Następnie dotarliśmy do Zgromadzenia Sióstr Albertynek na Kaltówkach. W kaplicy przyklasztornej modliliśmy się przed krzyżem podarowanym przez paulinów ze Skałki w Krakowie bratu Albertowi. Brat Albert poprzez kontemplację Jezusa konającego na krzyżu czerpał siłę potrzebną do heroicznego poświęcenia się najuboższym. Odwiedziliśmy również chatkę z celą Świętego. Niepodal znajduję się Klasztor Albertynów, nowicjat, gdzie bracia przygotowują się przez dwa lata do oddania się na służbę Bogu. W kaplicy ksiądz Janusz odprawił Mszę św. modląc się o Boże Błogosławieństwo dla rodziny Duszpasterstwa Bankowców. Na koniec dwudziestojednoletni nowicjusz przybliżył nam zasady i warunki życia jakie panują na pustelni. Podziękowaliśmy za gościnę albertynom i wyruszliśmy w drogę powrotną do miasta.

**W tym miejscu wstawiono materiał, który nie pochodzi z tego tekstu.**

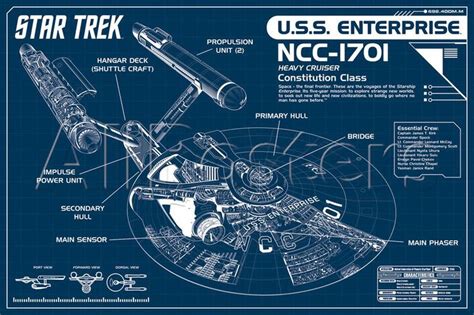 Star Trek Enterprise Blueprint Poster | Star trek enterprise, Star trek poster, Star trek posters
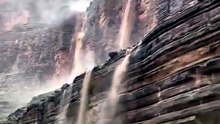 Waterfalls at the Grand Canyon caused by heavy rain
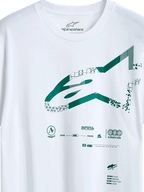 Alpinestars Geografica CSF Tee, camiseta de manga corta, blanca, logotipo de Astars en verde con gráficos geométricos y pixelados, estilo casual de motorsport y streetwear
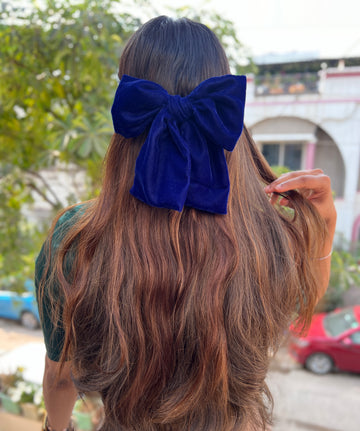 Royal Blue Luxe Noir Bow Clip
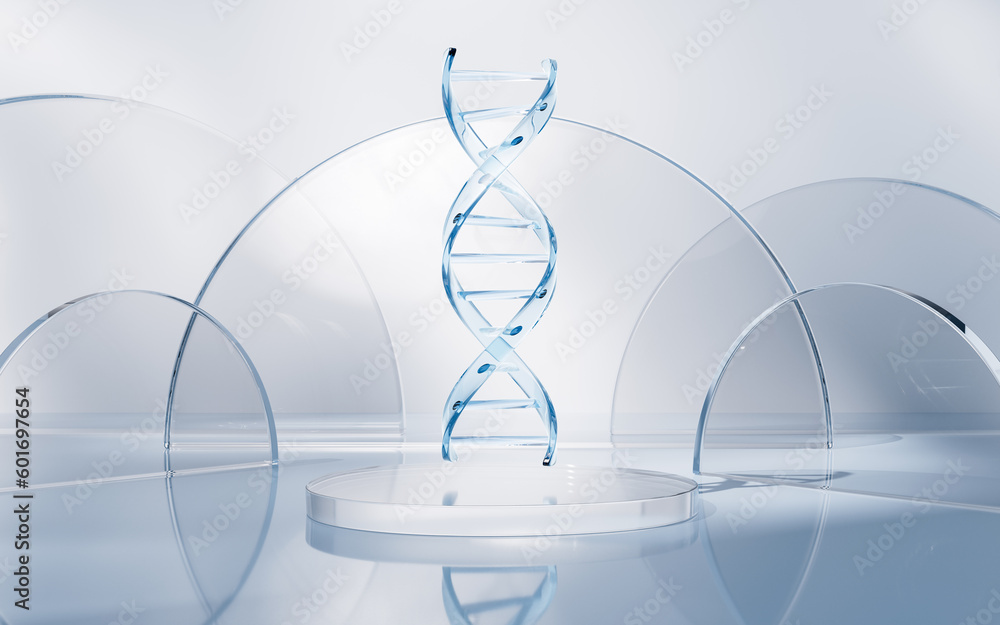 DNA with glass geometry background, 3d rendering.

Od tej pory pielgrzymka bankowców przybrała maryjny charkater. Odwiedziliśmy Sanktuarium Matki Bożej Objawiającej Cudowny Medalik na Olczy, którego architektura nawiązuje do stromizn dachów góralskich. Ksiądz misjonarz przypomniał nam histrię związaną z objawieniami Matki Bożej św. Katarzynie Laboure w Paryżu i przedstawił symbolikę witraży zdobiących wnętrze świątynii. Każdy z nas otrzymał Cudowny Medalik. Tak zaopatrzeni na drogę kierowaliśmy się w stronę Kościeliska, gdzie czekała na nas obiadokolacja i nocleg. Jednak będąc tam nie mogliśmy pominąć Kościoła św. Kazimierza Królewicza. Rzeźbione w drewnie ornamenty na ołtarzach, ścianach, sklepieniu i na ławkach wyróżnają zakopiański styl. Wieczorem poszliśmy na Apel Maryjny do kaplicy na Krzeptówkach.
W niedzielę po śniadaniu uczestniczyliśmy we Mszy św. w Sanktuarium Matki Bożej Fatimskiej na Krzeptówkach. Następnie Ksiądz Janusz przedstawił nam historię związaną z inicjatywą budowy kościoła. Na terenie sanktuarium znajduje się ołatrz papieski, wybudowany na czas pielgrzymki Jana Pawła II do Zakopanego w dniu 6 czerwca 1997r. Zatrzymaliśmy się tam również przy pomniku anioła, który objawił się dzieciom fatimskim.
Potem poszliśmy w kierunku Starego Cmentarza na Pęksowym Brzyzku. Na tej zabytkowej nekropolii spoczywją doczene szczątki osób zasłużonych dla Zakopanego, m.in.: Tytusa Chałbuńskiego, Stanisława Witkiewicza, Kornela Makuszyńskiego. Wiele zabytkowych nagrobków jest dziełem Władysława Hasiora. 
W końcu musieliśmy pożegnać Zakopane, by udać się w dalsza drogę - tym razem - do Ludźmierza. Po krótkiej modlitwie przed figurą Matki Bożej Ludźmierskiej, zostaliśmy zaproszeni przez siostrę urszulankę na film o kulcie Gaździny Podhala.
Następnie odwiedziliśmy Bachledówkę, klasztor paulinów, Sanktuarium Matki Bożej Jasnogórskiej, a zarazem miejsce spotkań kardynała Karola Wojtyły i Prymasa Stefana Wyszyńskiego.
Po domowym obiedzie w Poroninie wyjechaliśmy w drogę powrotną do Rzeszowa.